Inevitably, after watching a fight fizzle out, someone with too much ego would challenge him to put on a better show, and he never declined. His shifter blood allowed him to accept every punch with minimal damage, and he welcomed the sting of the fists. He had more stamina than the biggest, baddest humans, and it didn’t take long for them to accept defeat and return to the bar for more alcohol.
Every show of strength resulted in a throng of women hanging on his every word, hoping for a chance to spread their legs, and he only had to pick his favorite.

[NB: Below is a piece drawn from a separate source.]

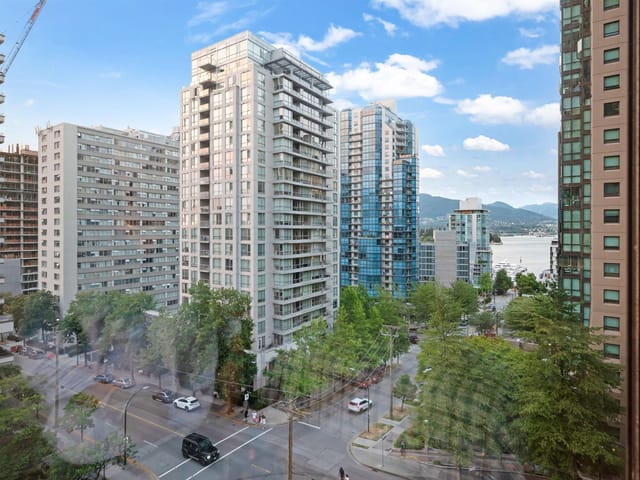 Apartment for sale in Vancouver, Vancouver West, 601 738 Broughton Street, 263130848 | Realtylink.org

Images of the girl from the night before came back to him, and he winced. She’d had long, black, hair that weighed heavy from several styling products, and it felt abrasive against his skin. Her long, manicured nails were painted black, and resembled claws even though she wasn’t a shifter. She’d constantly scraped his skin as if she were the star of a porno movie, and he was grateful he healed fast from most things and the marks were all gone. Her voice had been worse than the nails, and he’d fucked her hard and fast so she’d shut up sooner than later.
Luckily it had worked.
As soon as they were done, she’d rolled over and fallen asleep, and though he wasn’t sure when she’d taken off, he was glad she was gone. All of the women he fucked knew they were getting nothing but sex, and he hated getting rid of stragglers the following day. Aside from being the complete opposite of what he’d call his type, they never stifled his need for his mate.
If he were being completely honest, no other woman would ever satisfy him the way his mate had, but some offered more comfort than others. It was the only reason he tried at all, even though he rarely woke up fulfilled.

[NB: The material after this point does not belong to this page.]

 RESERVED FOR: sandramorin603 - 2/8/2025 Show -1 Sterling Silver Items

He shook his head. Drinking, fighting and sex with strangers kept his demons at bay, but only one thing would get rid of them completely, and it was the only thing he could never have.
Seven years ago, his mate, Jillian Masters had left him in favor of a new life. Unlike his still single siblings, he’d been lucky enough to find his mate when he was only seventeen years old. Unfortunately, he hadn’t been able to keep her.
After a year of friendship, they’d dated for two years, and then she’d left town—with his heart, and all of the good inside him—and never looked back.